Paranormal Bubble in Downtown LA
January 20, 2020 • Downtown Los Angeles
Several times in the last few years I’ve run into unusually eerie people on a specific block-and-a-half stretch of 5th Street in Downtown Los Angeles. The neighborhood is full of a wide variety of weirdos—lawyers, homeless people, accountants—but these extra-unusual people are radiating something else. It’s like they’ve got an aura of strangeness. If a cheroot-smoking broker in a $20,000 suit is a 5 on the weirdness scale, and a homeless drug addict with face tattoos and no pants is an 8, these individuals are pinging at a 14. I’m not psychic, but in each case, in four or five separate incidents, I was definitely picking up something. I’m not sure why they’re present in numbers along that stretch of 5th Street, and why I haven’t seen anything similar anywhere else. Maybe the veil between worlds is especially thin right there. The Biltmore and the Central Library have featured in several of the Mason books, but rationally, fiction doesn’t imbue a real place with anything mystical. Mason spends lots of time on Bunker Hill, and interestingly, this block is where Bunker Hill starts, and walking west from Olive Street is uphill onto Bunker Hill. It’s only on the sidewalk too; I’ve hung out in the Biltmore and at the library, and these entities aren’t inside. All these venues feature in the upcoming The Melted Pineapple. Some examples of the odd ones I’ve seen:
‣ a fictional character from one of my books. We recognized each other, although we didn’t speak. I wrote about that encounter here.

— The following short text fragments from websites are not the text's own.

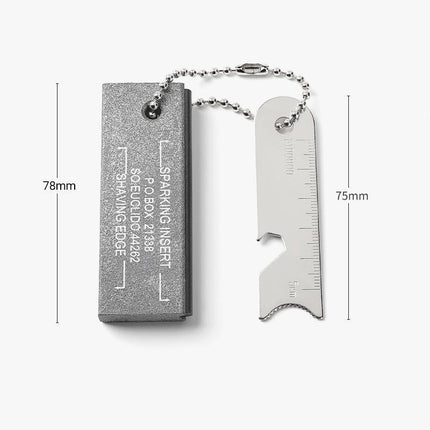 Magnesium Block & Flint Military Fire Starter Striker Firestarter Army Survival - Aimall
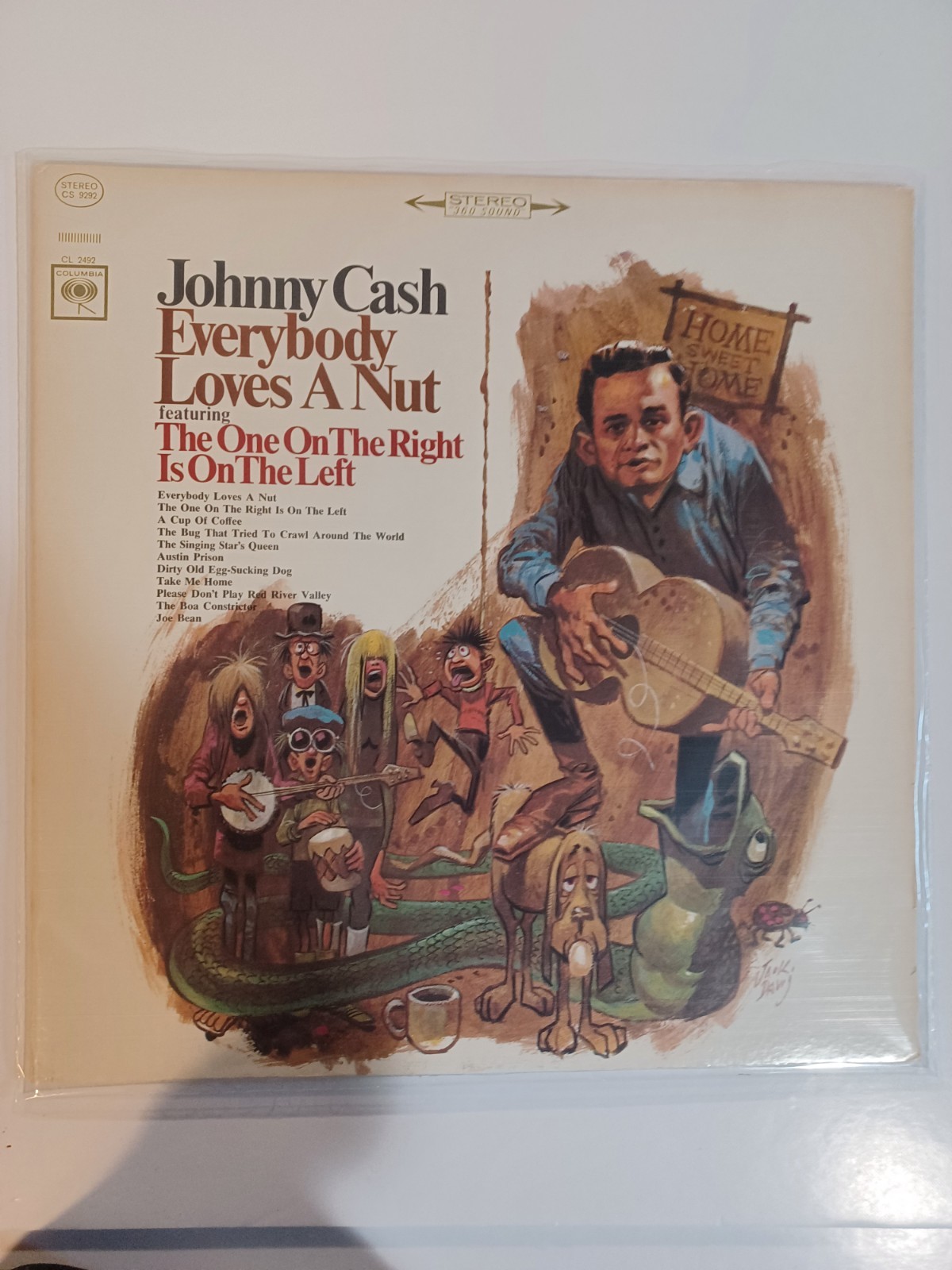 Johnny Cash - Everybody Loves A Nut 1966 LP, Columbia &ndash; CS 9292 CND C A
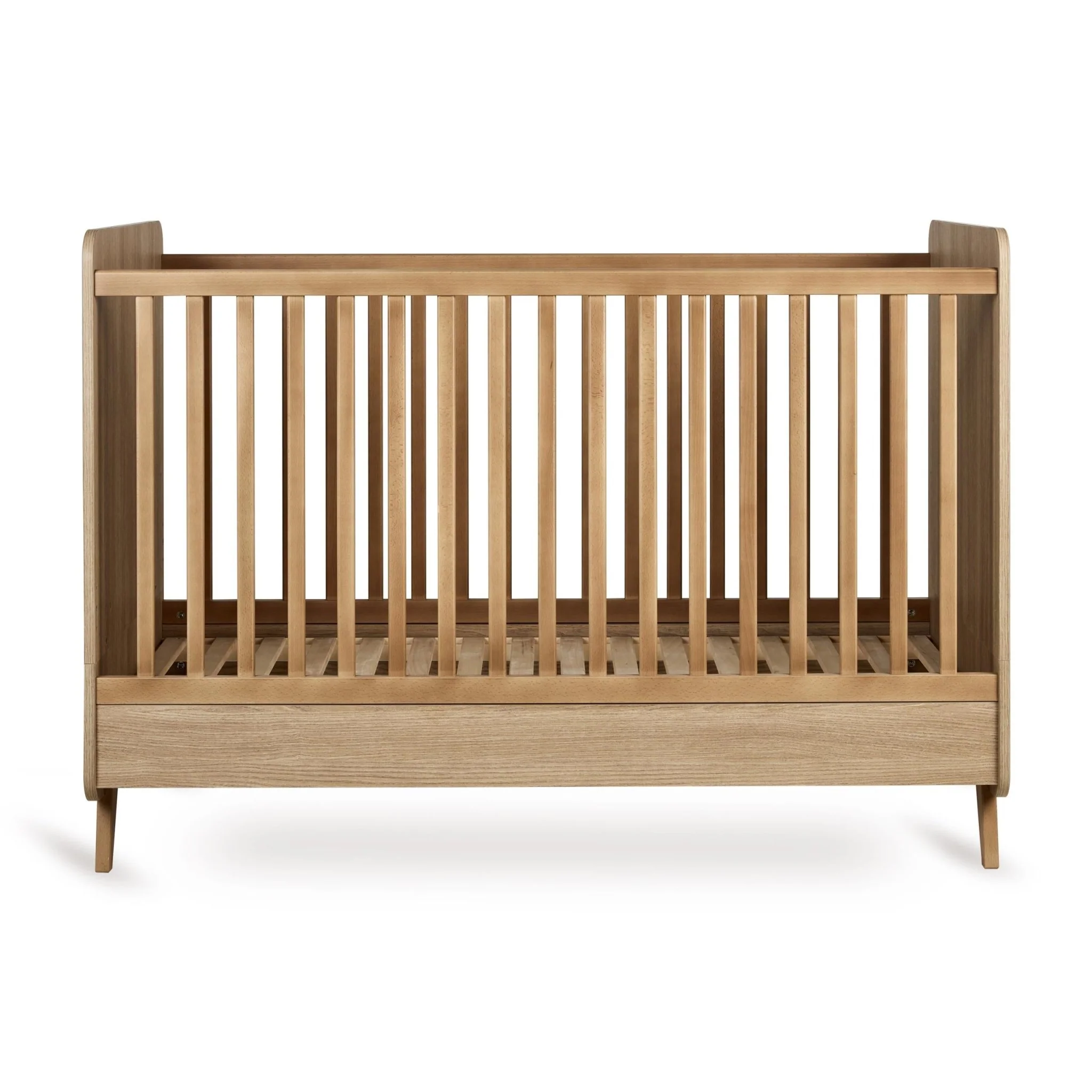 2025 Babybed Loft - Honey Ash 140x70cm (inclusief ombouwmogelijkheid tot kinderbed 140x70cm)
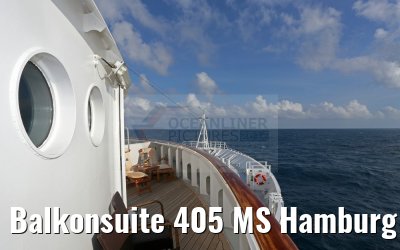 Balkonsuite 405 MS Hamburg 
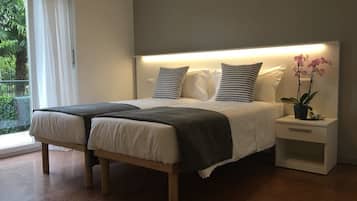 Double or Twin Room, Lake View | Blackout drapes, free WiFi, bed sheets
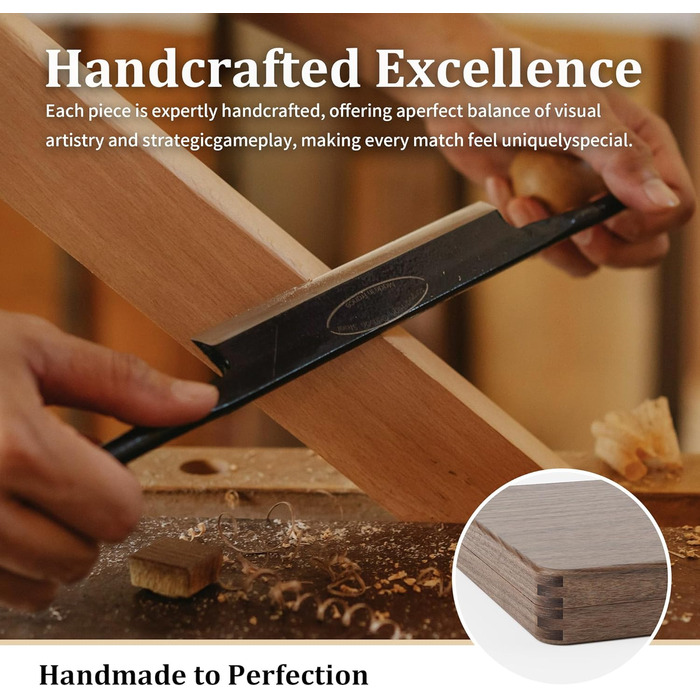 Преміум набір для гри в нарди з чорного горіха - розкішний дорожній набір (з кубиками та подвійниками)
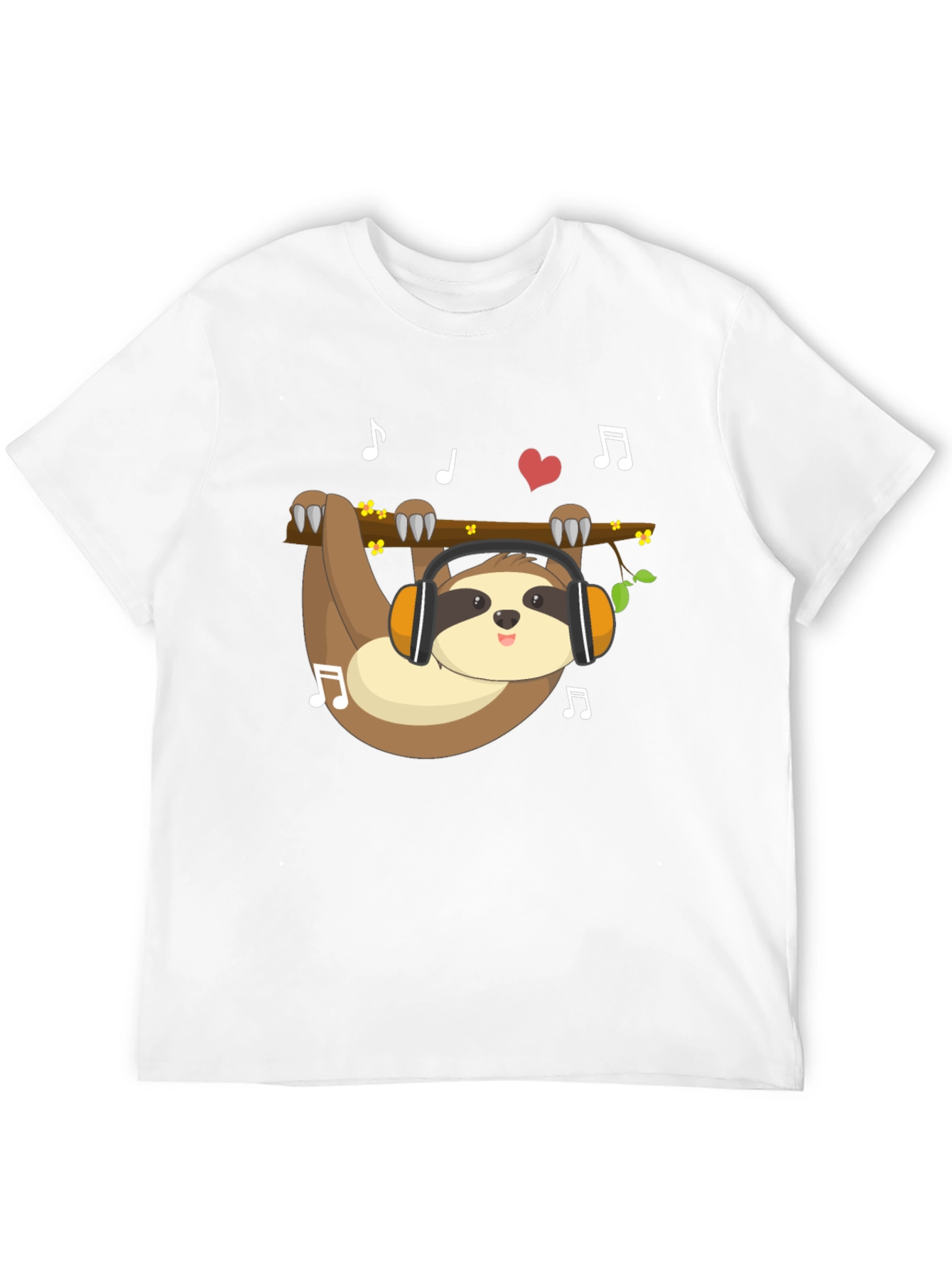 Sloth Music Lover T-Shirt - Relaxed Style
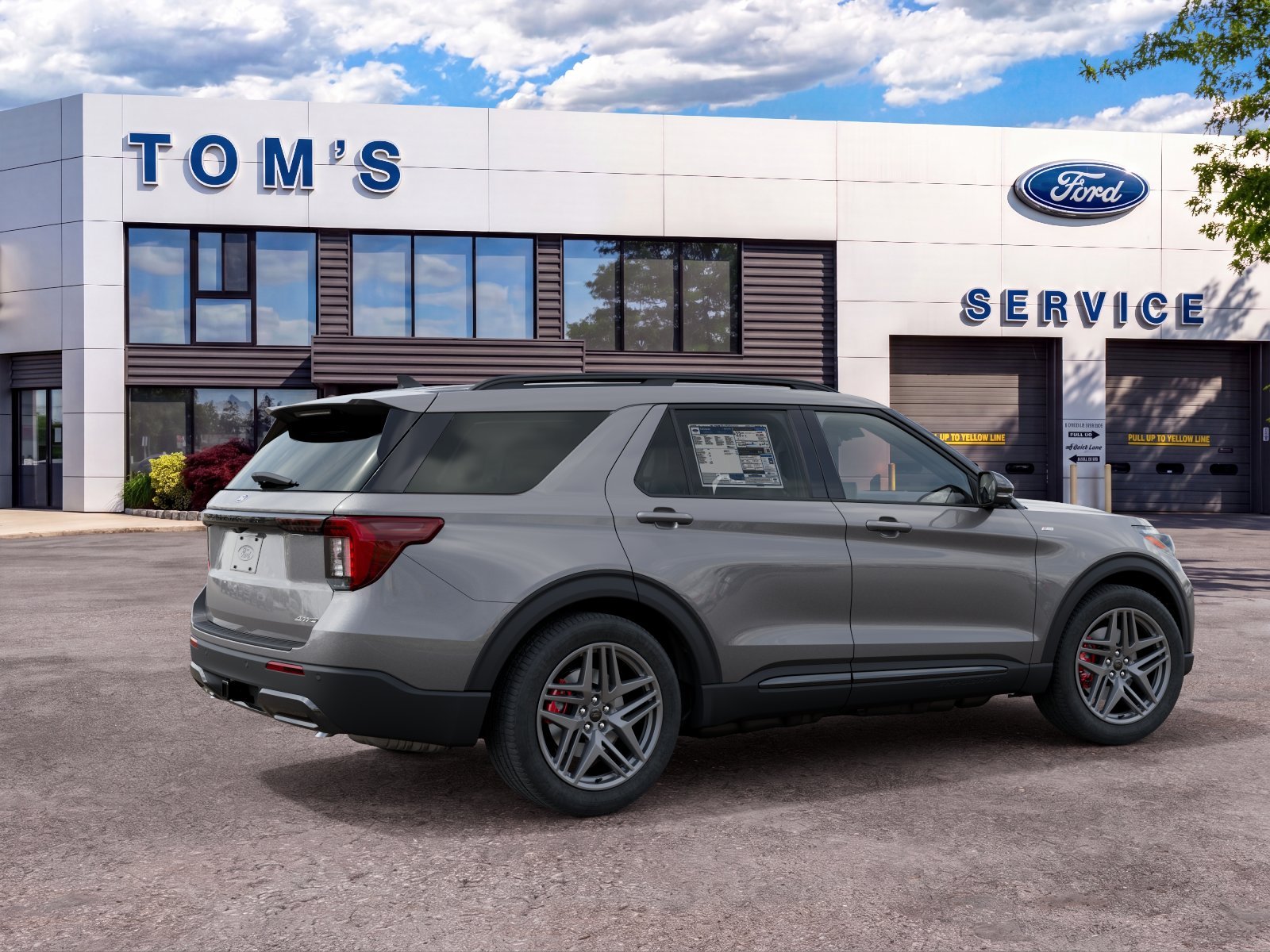 New 2027 Carbonized Gray Metallic Ford ST-Line image 6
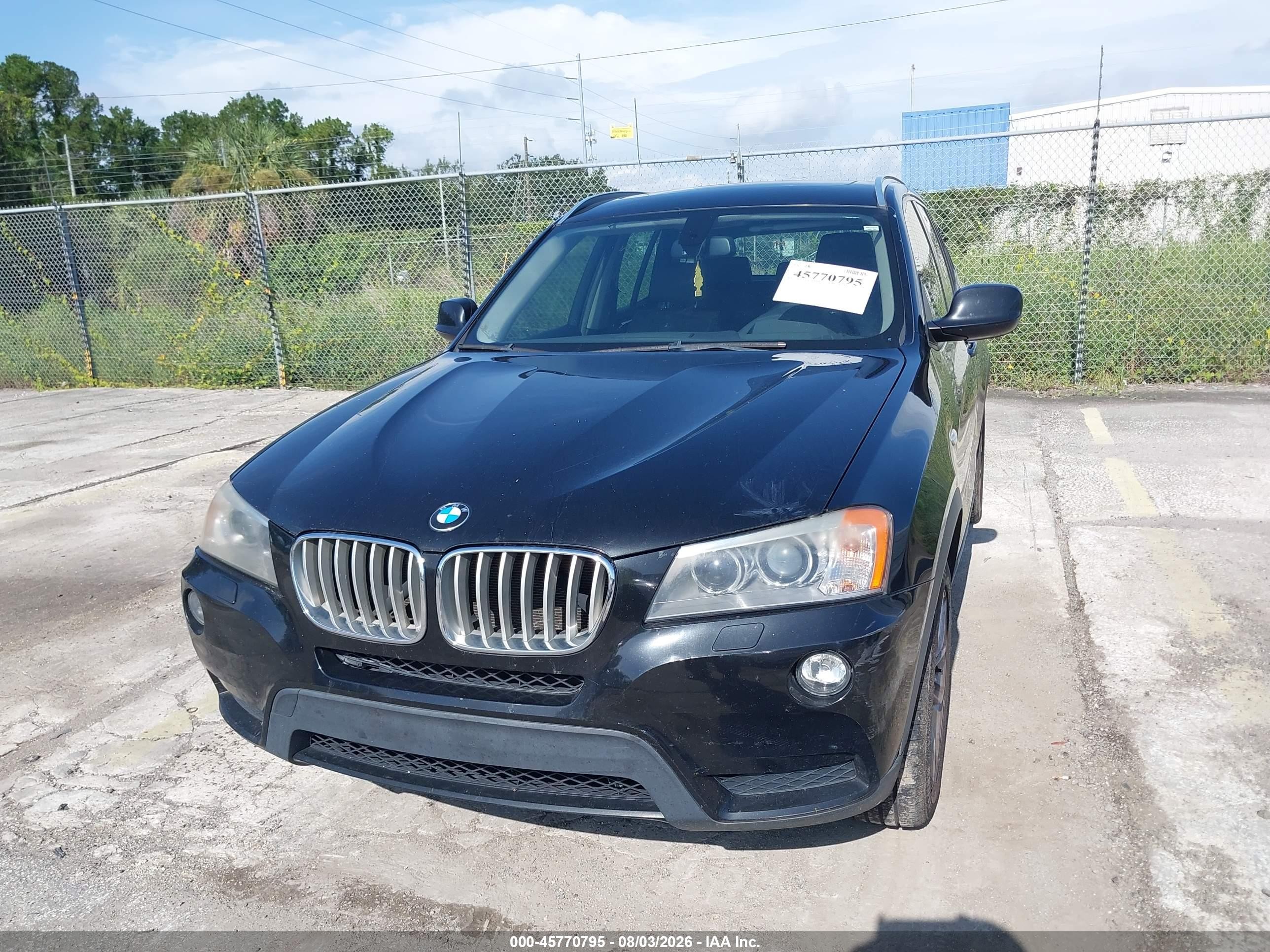 2014 Bmw X3 Xdrive35i Black vin: 5UXWX7C58E0E76950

‣ a guy who looked exactly like Waldo in the Where’s Waldo books, except instead of red and blue, he was wearing mustard yellow: a mustard-yellow striped shirt, a mustard-yellow beanie, mustard-yellow glasses frames, mustard-yellow pants. His eyeglasses distorted his eyes to make them look huge, like Waldo’s. He looked me over the same way I was looking him over. Maybe he was startled that I had detected the weirdness around him.
Several places are known for paranormal weirdness, but they’re usually not heavily populated, like Sedona and the Uintah Basin in Utah, not in the shadow of the tallest office building in a metropolis of ten million people. So what’s going on? Aliens or time travelers materializing on that block, still sparkling with weird vibes, and they don’t quite know how to fit in? Tulpas created from my own mind? Don’t ask me, because I don’t know. If you find yourself walking on that block, keep your eye peeled, and let me know who you see.